Kat Kolar obtained her PhD in Sociology from the University of Toronto in 2018. Her dissertation is titled Differentiating the Drug Normalization Framework: A Mixed Methods Investigation of Substance Use among Undergraduate Students in Canada. She is currently a postdoctoral fellow at UBC researching the social integration of substance use and health inequities impacting people who use illicit drugs.Patricia Erickson is a retired senior scientist at CAMH and a Professor (status-only) in the Department of Sociology and the Centre for Crime and Socio-Legal Studies at the University of Toronto. Her research interests include illicit drug use and drug policy; youth, violence, mental health and addictions.
We have posted the citation and the abstract of the article below. The full text is available through ResearchGate here.
Kolar, Kat, Patricia Gail Erickson, and Donna Stewart. 2012. "Coping Strategies of Street-Involved Youth: Exploring Contexts of Resilience." Journal of Youth Studies, 15(6):744-760.
Literature on how street-involved youth (SIY) cope with risky environments remains very limited. This exploratory study investigates SIY's coping strategies, employing the ‘contexts of resilience’ framework (where resilience is understood as a process that changes over time and by environment) to situate an inductive thematic analysis of interviews with 10 current and former SIY. Three themes are explored: social distancing; experiences of violence; and self-harm and suicidality. The first two themes illustrate the double-edged nature of some coping strategies. While social distancing could contribute to isolation from social supports and violent self-defense to retaliatory harm, without alternative resources to prevent victimization these strategies must be acknowledged as reasoned responses to the risks associated with a violent milieu.
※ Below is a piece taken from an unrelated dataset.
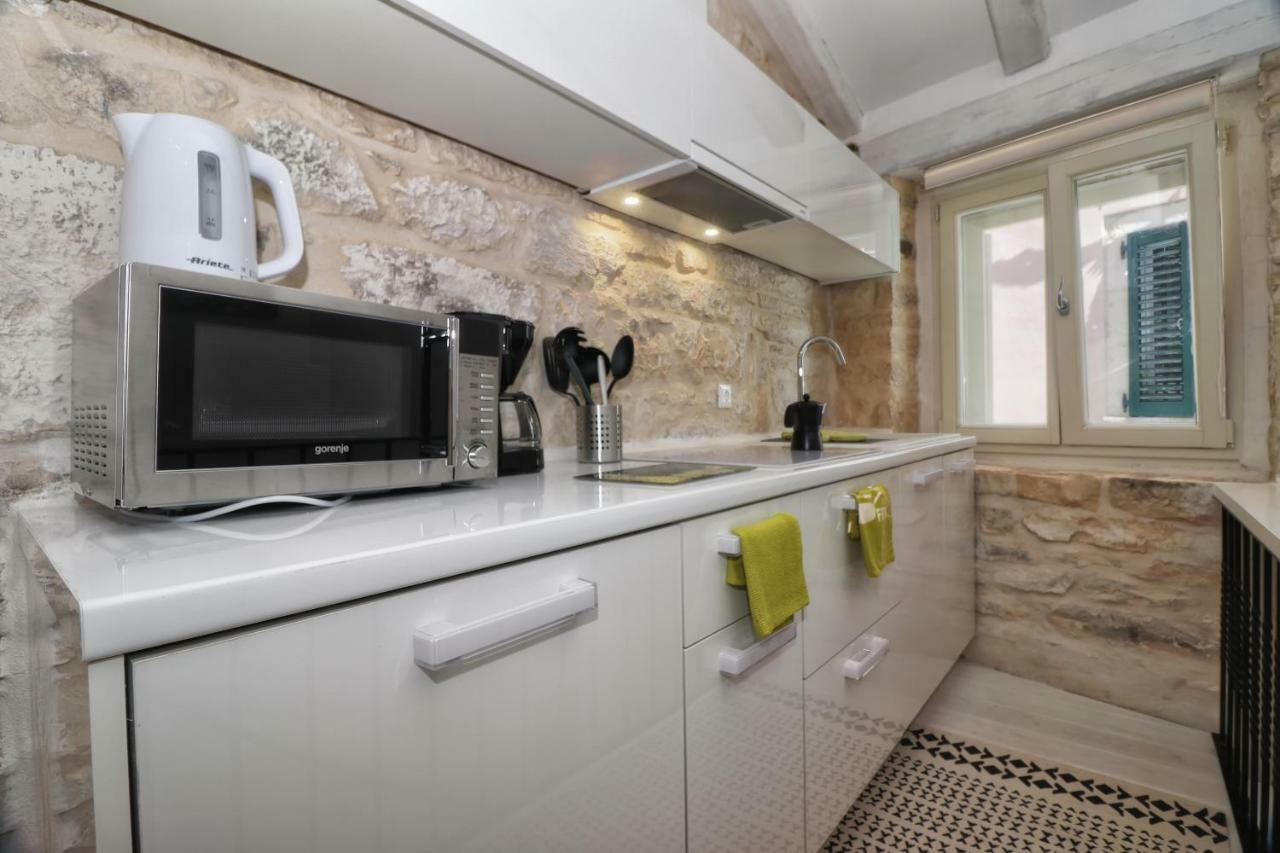 Studio Coccolina โรวีน ภายนอก รูปภาพ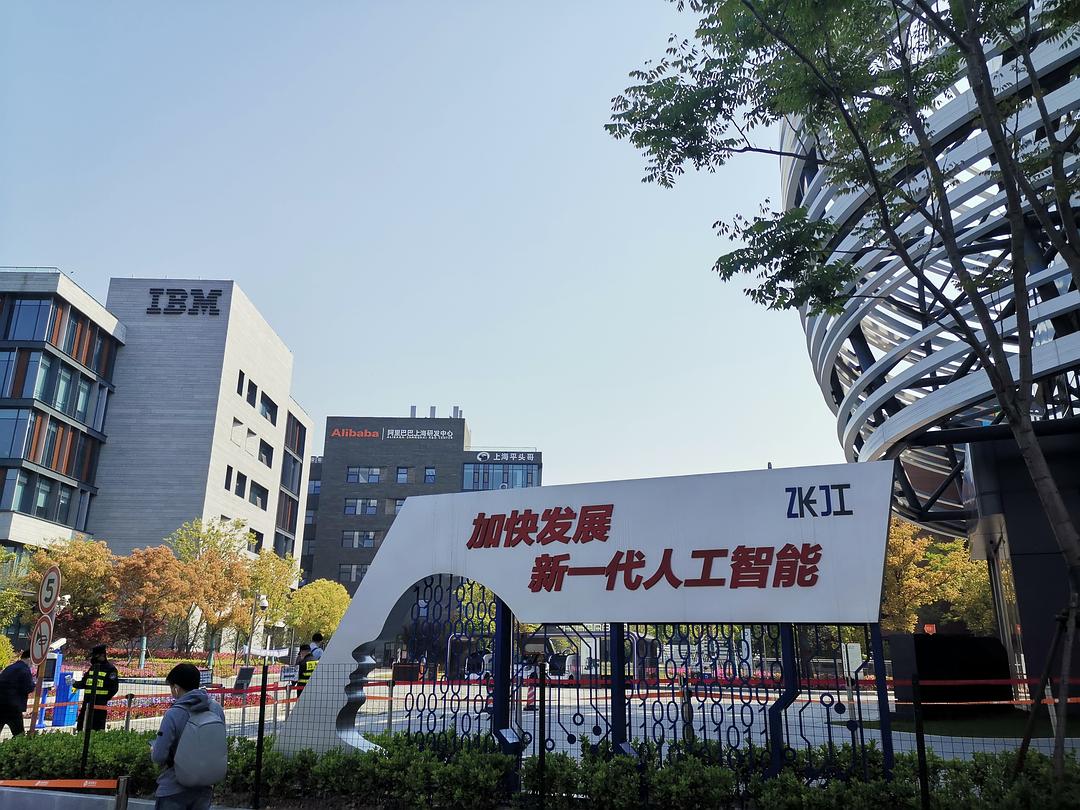 武汉服务器维修_捷达闭锁器维修_武汉水电维修上门维修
Strategies assumed to be maladaptive among more normative youth may be among the limited resources available for SIY to utilize in attempts to make positive changes in their lives. The final theme explores self-harm and suicidality as indicative of social and structural needs and shows how in the SIY context such behaviors may not signify an outcome of non-resilience. The adaptation of assessments of coping strategies to be congruent with evaluative contexts should be applied to resilience research addressing other marginalized populations.